[Data items]
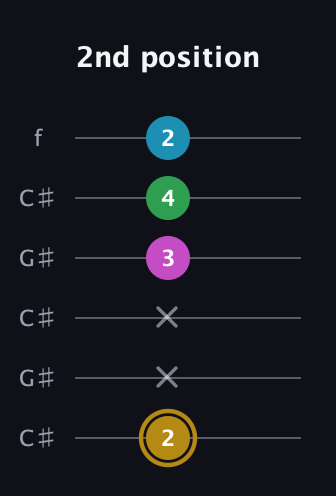 D♯ Augmented Added 9th guitar tab — 2nd position (2 x x 3 4 2) in Open C Tuning (CGCGCE) · Capo 1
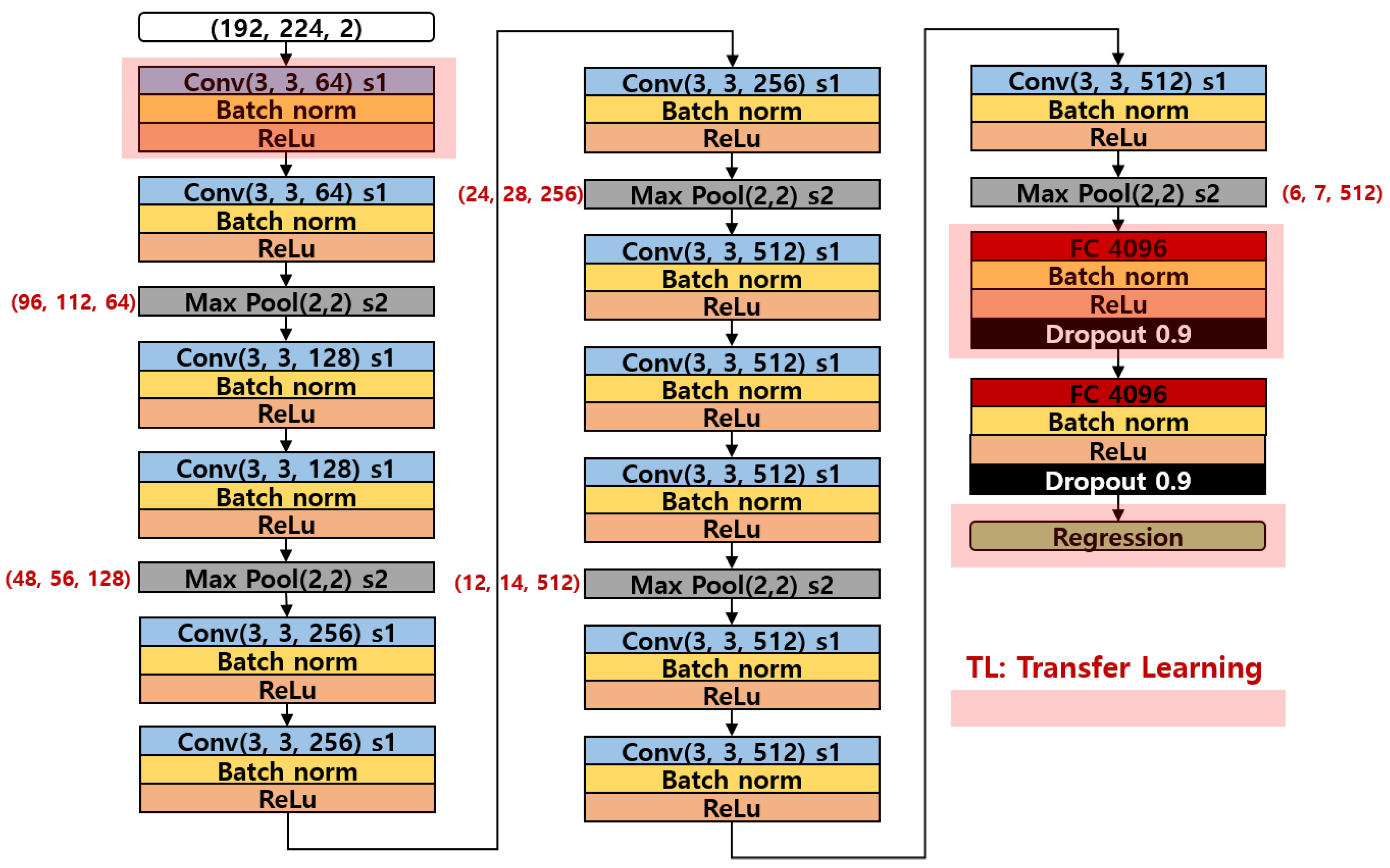 Sensors 21 01920 g010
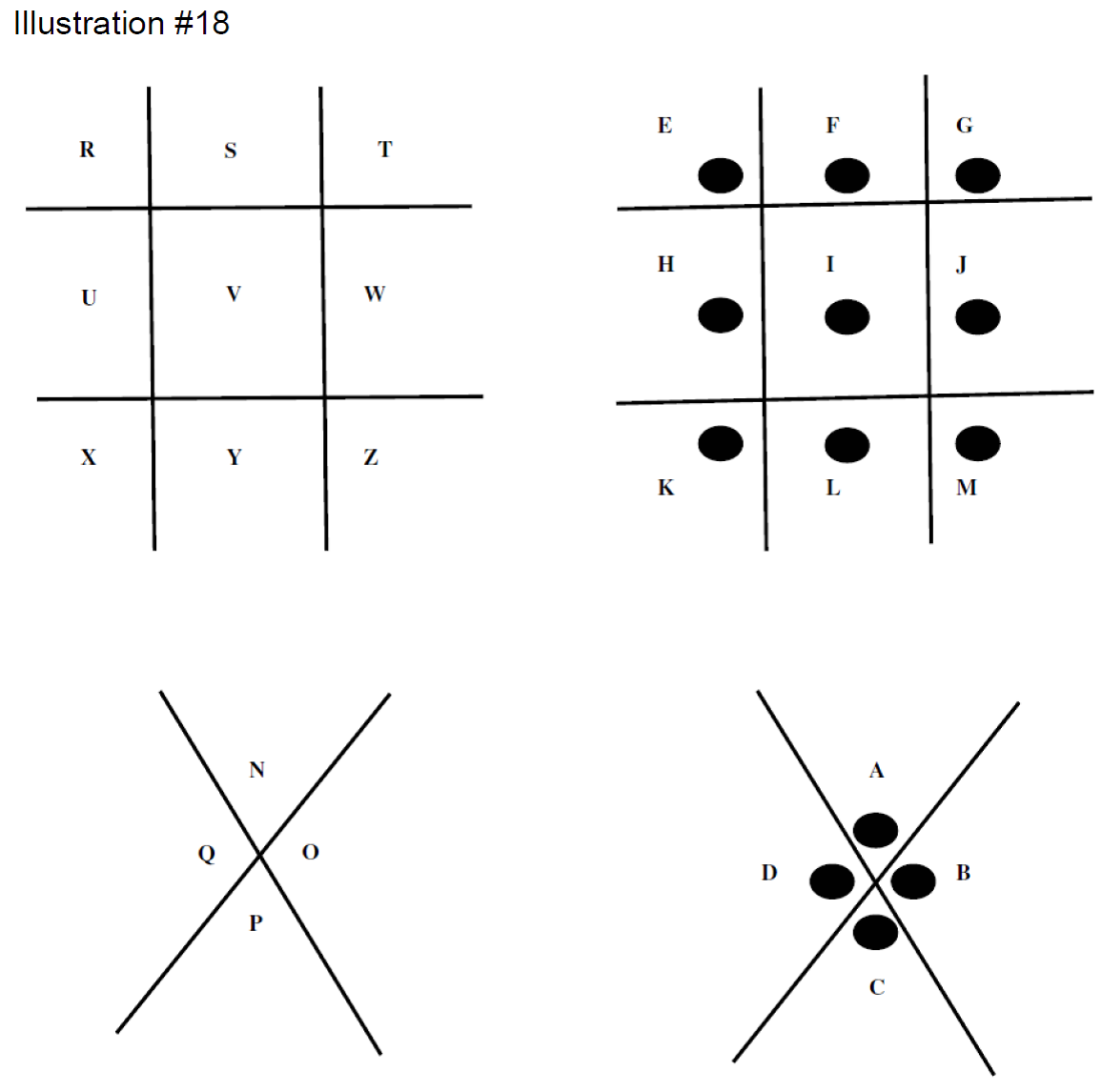 The saying 'Tic-tac-toe' - meaning and origin.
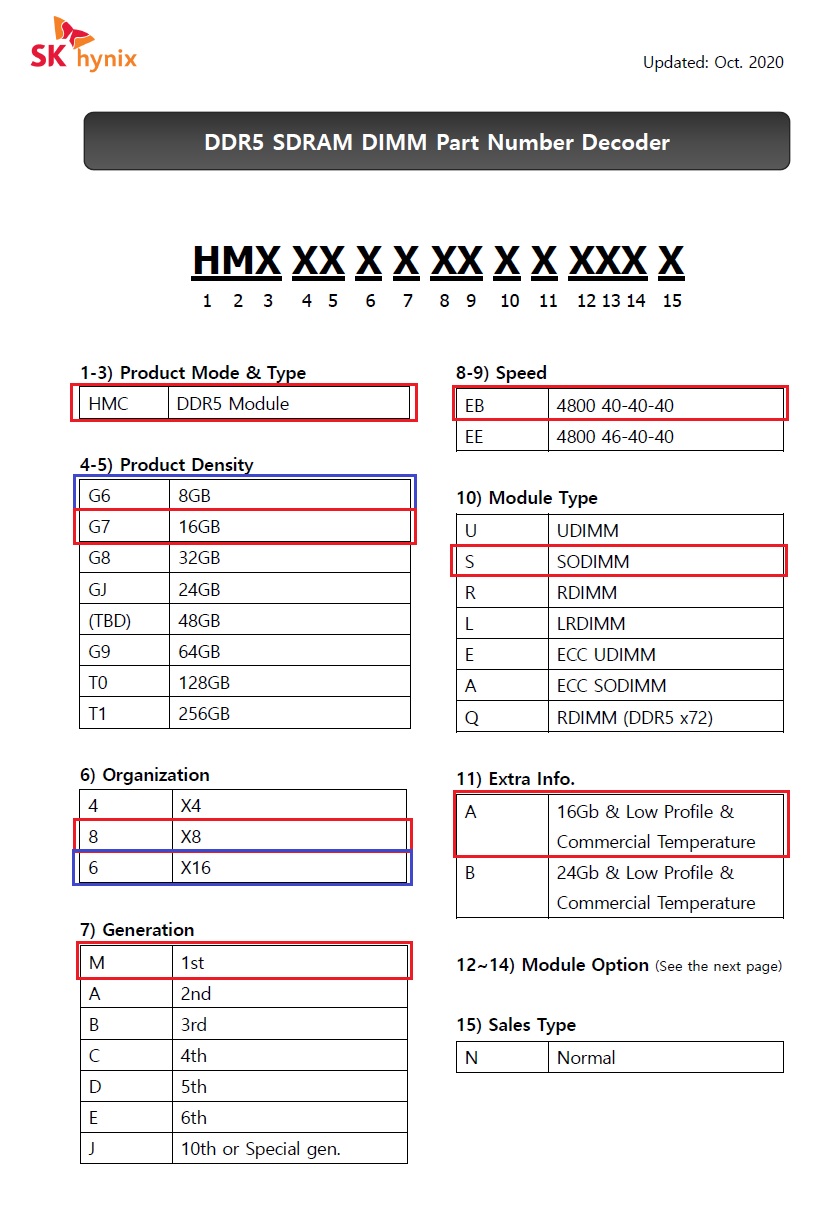 sgJack2563　パーツ各10点まとめ Skyjack 116382 Toggle Switch | Aerial Equipment Parts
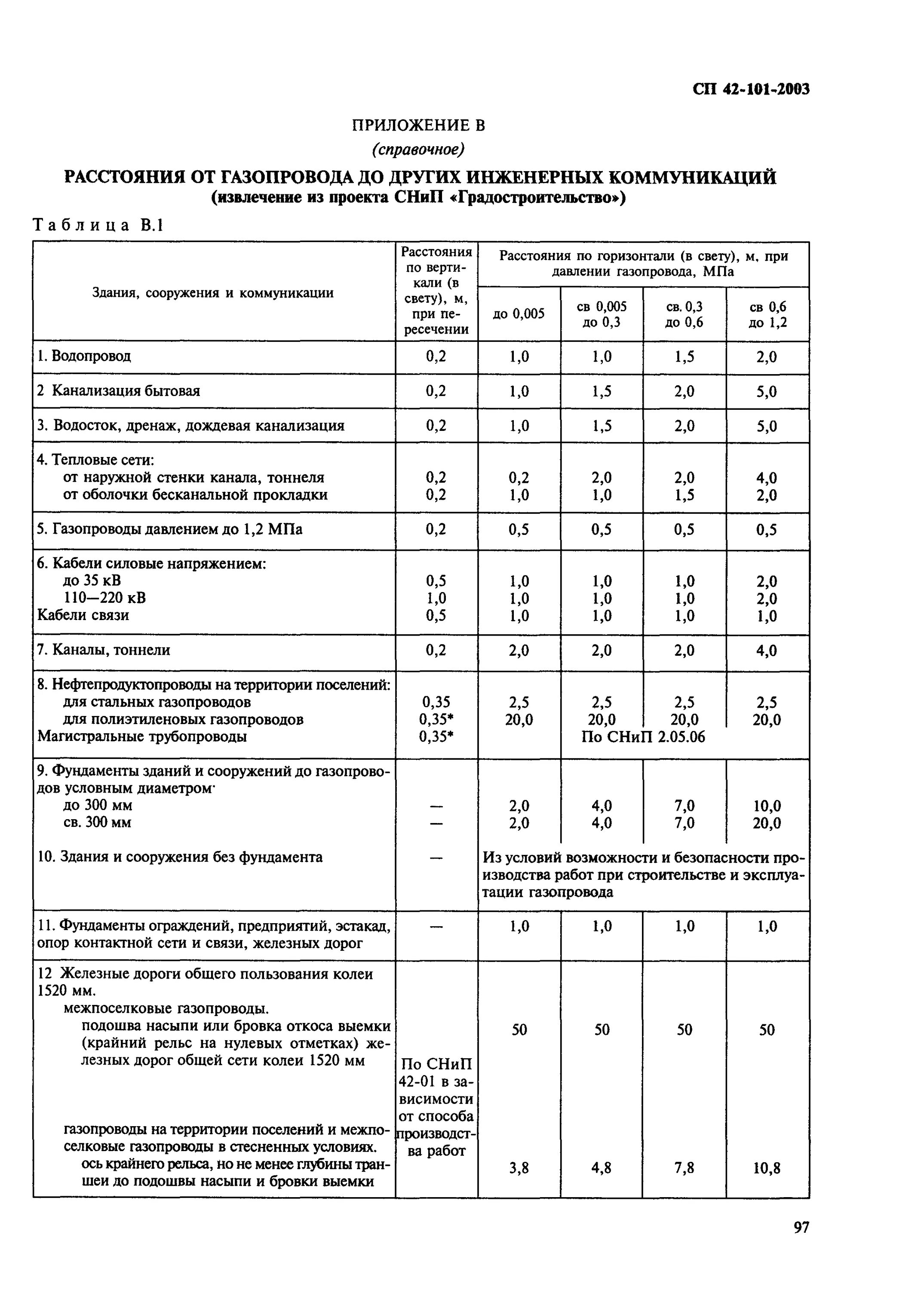 Расстояние от газопровода до трубопровода. Расстояние между газопроводами и электрическим кабелем. Расстояние от здания до газопровода низкого давления. Расстояние от газопровода высокого давления до жилого дома. На каком расстоянии от трубопроводов с кислородом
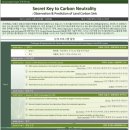 [서울대 소식] SNU 캘린더 | 탄소중립 국제 심포지움 (Secret Key to Carbon Neutrality) 2024.10.1 이미지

### Task
Transcribe every entry word for word, but omit the pictures.

### Answer for the task
 D♯ Augmented Added 9th guitar tab — 2nd position (2 x x 3 4 2) in Open C Tuning (CGCGCE) · Capo 1
 Sensors 21 01920 g010
 The saying 'Tic-tac-toe' - meaning and origin.
 sgJack2563　パーツ各10点まとめ Skyjack 116382 Toggle Switch | Aerial Equipment Parts
 Расстояние от газопровода до трубопровода. Расстояние между газопроводами и электрическим кабелем. Расстояние от здания до газопровода низкого давления. Расстояние от газопровода высокого давления до жилого дома. На каком расстоянии от трубопроводов с кислородом
 [서울대 소식] SNU 캘린더 | 탄소중립 국제 심포지움 (Secret Key to Carbon Neutrality) 2024.10.1 이미지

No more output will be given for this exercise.